The 80/20 principle states that 80% of your results come from 20% of your efforts. For new business owners, this means identifying which small portion of your work produces most of your success. The principle comes from Italian economist Vilfredo Pareto, who noticed that 80% of Italy’s land belonged to just 20% of the population.
In business terms, the 80/20 principle helps you find the activities that actually matter. Peter Murphy Lewis, founder of StrategicPete, applied this principle when he identified a specific market gap. As detailed in our StartUp Story, Peter spotted that mid-sized businesses making $5-15 million needed sophisticated marketing leadership but couldn’t afford a full-time Chief Marketing Officer. By focusing on this need, he created a “fractional CMO” service that provides high-level marketing leadership on a part-time basis. As he puts it, “I realized my clients needed me to get in and get out as quickly as possible and set up strategy with a team of operators.”
Business Planning Applications
When planning your business, the 80/20 principle becomes your filter for making decisions. Most new business owners spread themselves too thin trying to perfect everything at once.
The principle applies to market research too. Instead of surveying hundreds of people with lengthy questionnaires, focus on talking to 20 potential customers who match your ideal client profile. Their feedback will likely represent 80% of what you need to know.

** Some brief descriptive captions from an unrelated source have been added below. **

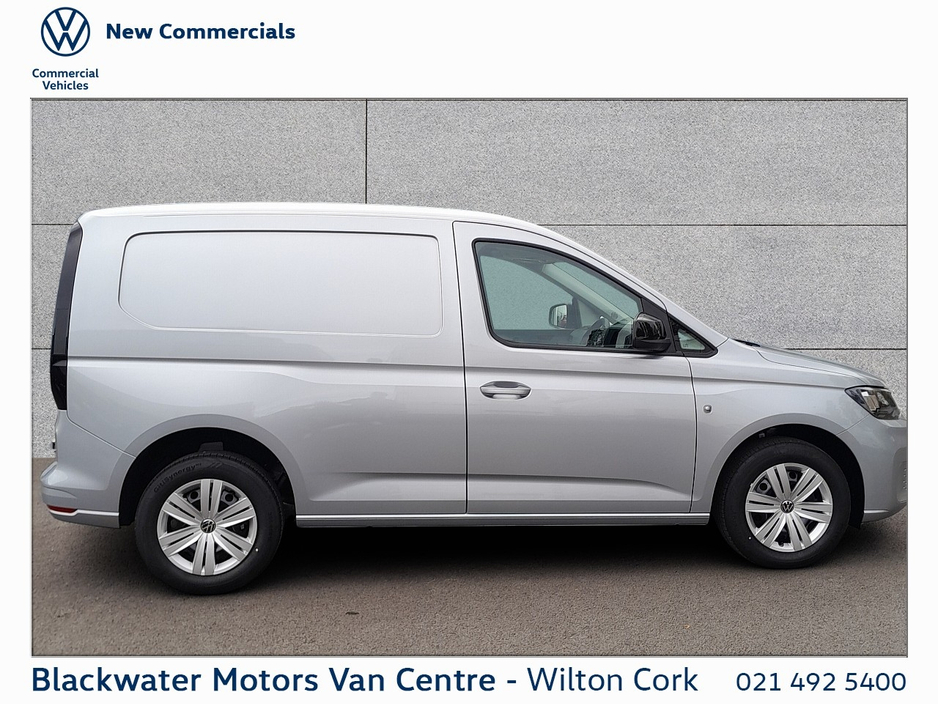 2025 Volkswagen Caddy - image 11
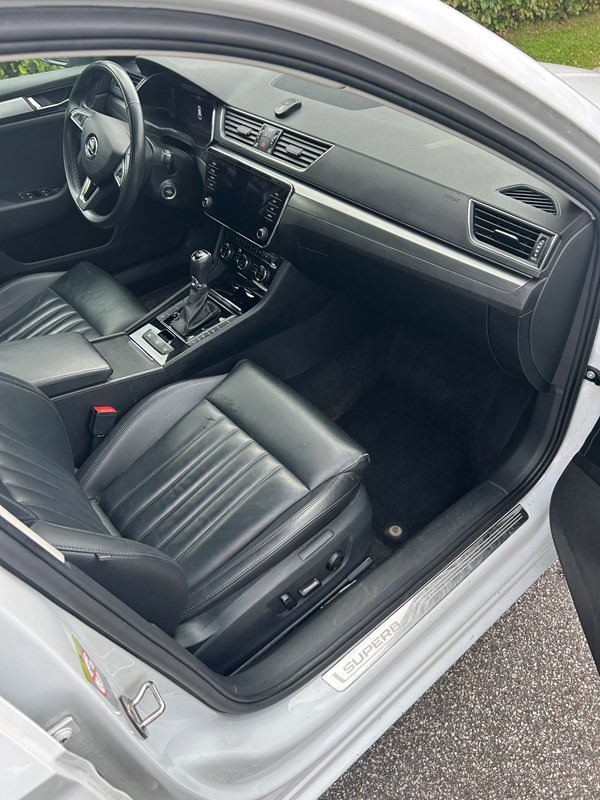 undefined Skoda Superb fra 2019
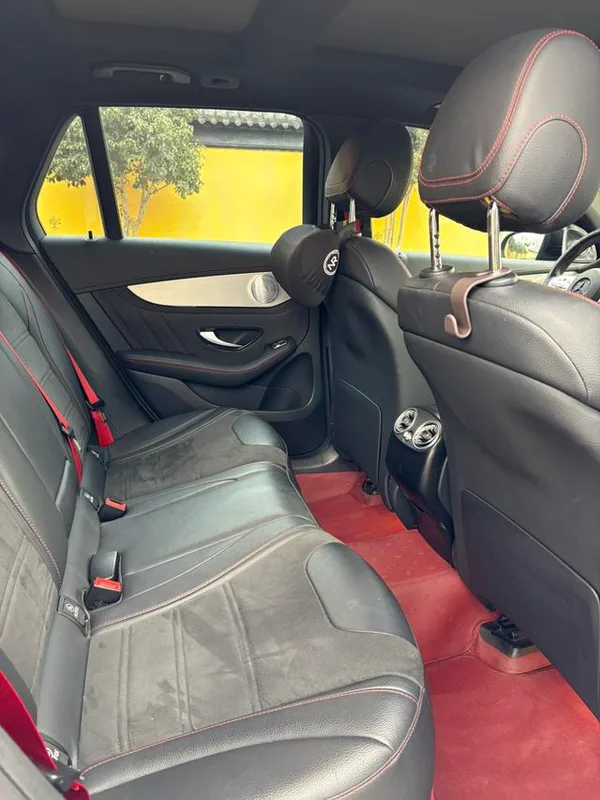 Mercedes-Benz GLC AMG 2022 AMG GLC 43 4MATIC interior foto 10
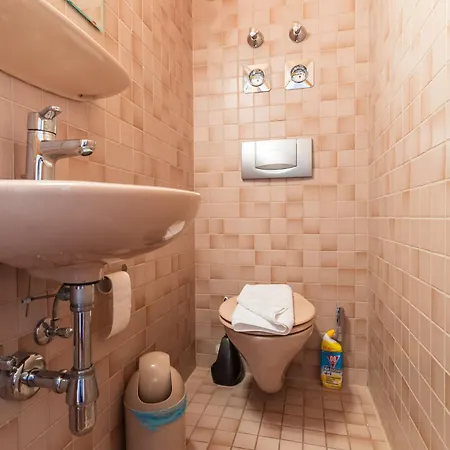 Mirbach Apartman *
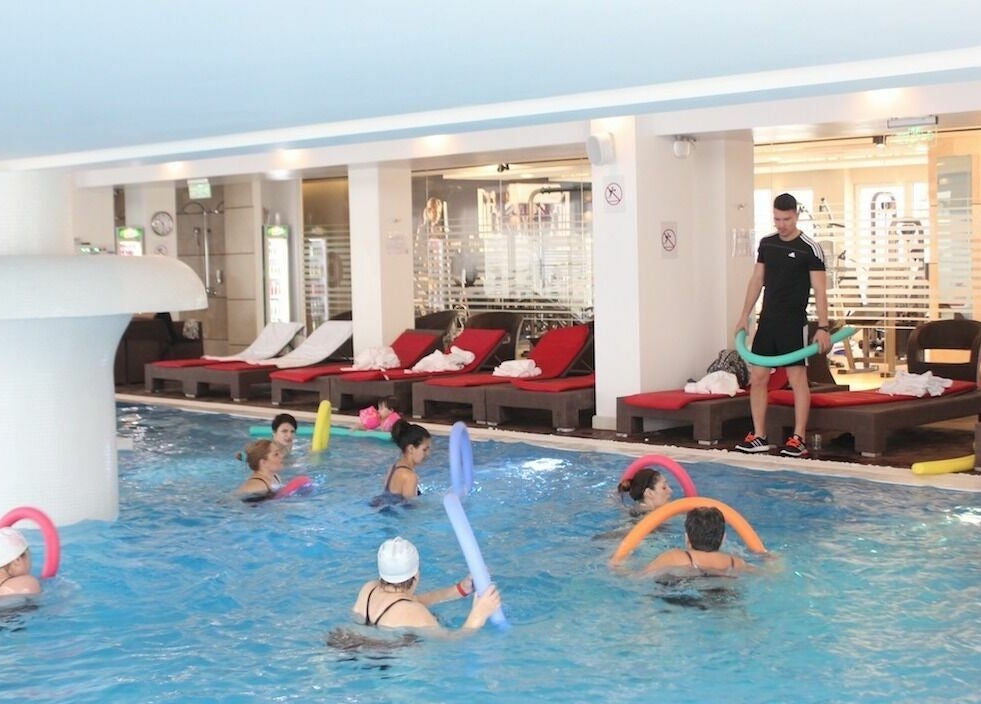 Guests enjoy aquatic exercises at Aqvatonic Balneo Spa, Eforie Nord, Județul Constanța, RO.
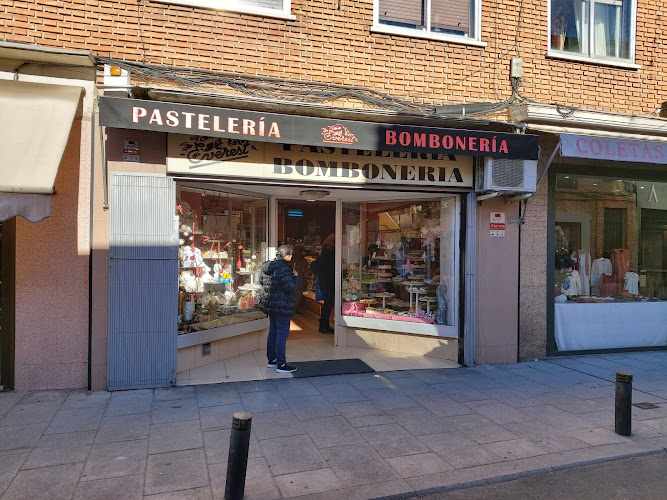 Fotografia tomada fuera de Pasteleria Everest - Pastelería en Madrid, Madrid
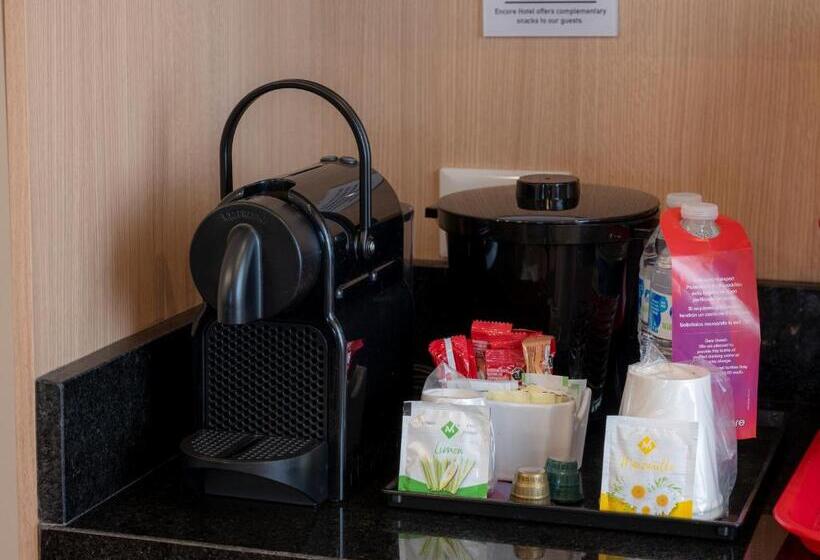 Люкс Кровать Кинг, Ramada Encore By Wyndham Queretaro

For your business plan, concentrate on the few sections that will most influence your success:
- A clear problem statement (what specific issue are you solving?)
- Your solution (how exactly do you solve it better than alternatives?)
- The revenue model (how will you make money?)
- Initial customer acquisition strategy (how will you get your first 10 customers?)
These four elements will answer 80% of what investors, partners, and even you need to know about your business.
Time Management for Founders
Your time as a new business owner is limited. The 80/20 principle reveals which activities deliver real progress.
To apply this to your business, track everything you do for two weeks. Note which activities led to actual progress—customer conversations, product development, or sales. Then identify which activities consumed time but led nowhere—excessive planning, perfectionism, or low-value meetings.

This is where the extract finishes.